First get Feliway plug ins for around your house. They have really worked for me. 

Read thru this article on cat to cat introductions. 
Cat-to-Cat Introductions | Little Big Cat

Base Camp — How to Prepare for your New Cat | Little Big Cat

Im sure you know now never face off cats. It just doesnt work. Cats are territorial. They need their own space, and can be slow to accept other cats. 

This is a great resource too. I send this book to their new homes with my foster kitties. Think Like A Cat by Pamela Johnson Bennett

[ame="http://www.amazon.com/Think-Like-Cat-Pam-Johnson-Bennett/dp/1579544258/ref=sr_1_2?s=books&ie=UTF8&qid=1317402248&sr=1-2"]Amazon.com: Think Like a Cat (9781579544256): Pam Johnson-Bennett: Books[/ame]


Im sure other members with post also and give you good tips too.


----------



## Lenkolas (Jan 18, 2011)

Yeah don't worry about it! Nobody's gonna judge you. We all make mistakes and what's important here is the learning experience  As Mitts said, it doesn't work when you face off cats.

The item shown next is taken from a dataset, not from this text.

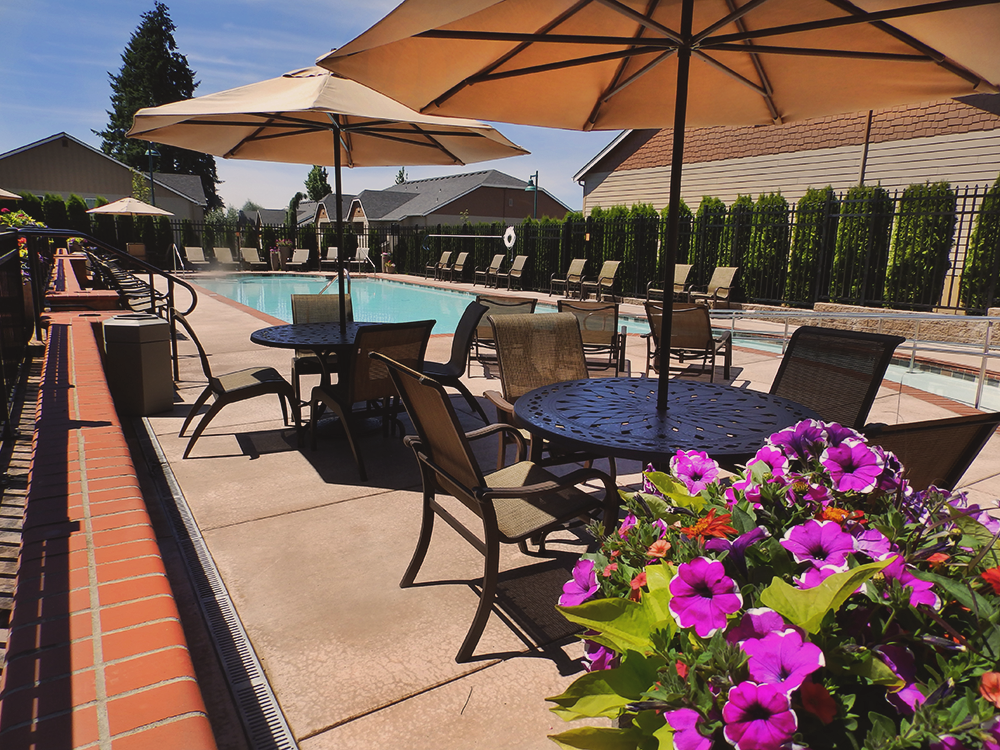 Vancouver-Washington-Mission-HIlls-luxury-apartments-pool-2.png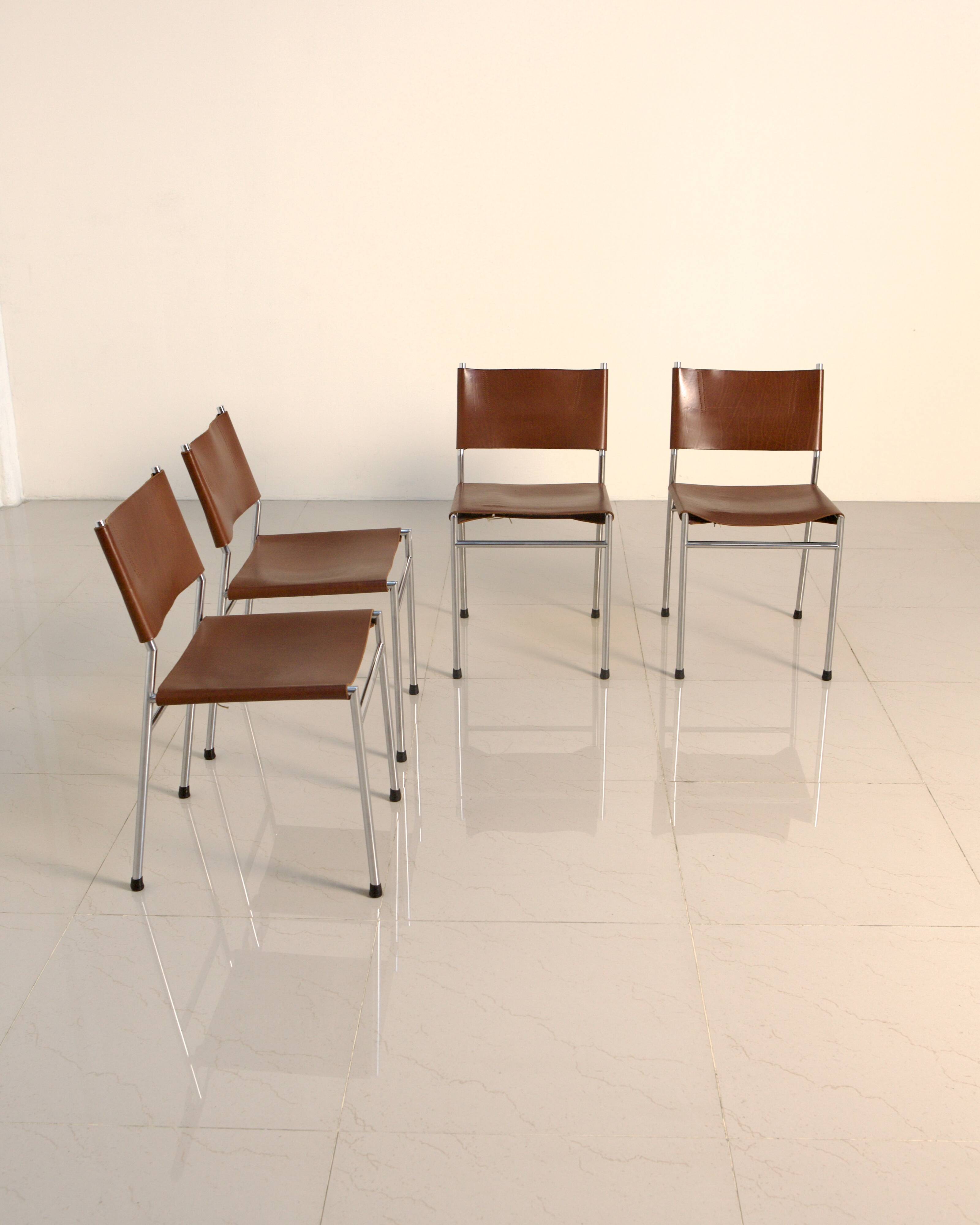 4 "SE06" brown leather chairs by Martin Visser for Spectrum 80's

If you read the links Mitts gave you, that's pretty much everything you need to know. You'll need a lot of patience and determination, but I'm sure it can work. Your kitty is just terrified, I'm sure you've realized about that now. So just go through the intro process all over again, very, very slowly.

Tuna or any other smelly food on each side of the door for each "group" of cats (in this case, bf's 2 cats one side, your kitty the other) has really worked for me-they start relating good things with the scent of the "strange" cat.

Just that, good luck and keep us posted! Ánimo! :wink


----------



## Susan (Mar 29, 2010)

Nobody's the problem child...but it sounds like Kiwi is frightened, which is not unusual for a skittish cat when introduced to new cats.

I'd set up your spare bedroom as a safe room and put Kiwi in there. Keep the cats separated for about a week, to give Kiwi some time to settle down and feel safer. Spend as much time as you can in there with her. After about a week, follow the standard cat-to-cat introduction posted by Mitts & Tess, but take things slowly.


----------



## doodlebug (May 13, 2006)

zoologist said:


> since I keep blaming his cats.


You've received great advice already. I just want to add that you should not be placing blame on any of the cats. They are being cats...this is how they respond to the situation they've been put in. Restart the introduction process according to the articles you've been given. Definitely read Think Like a Cat...and I'll also add...read Cat vs Cat by the same author...it will give you great insight into how cats in a multi-cat household "think" and act (and why). There are always ongoing challenges with a multi-cat household...you need to learn to react to them instinctively...what to ignore and allow them to work out themselves and when to intervene.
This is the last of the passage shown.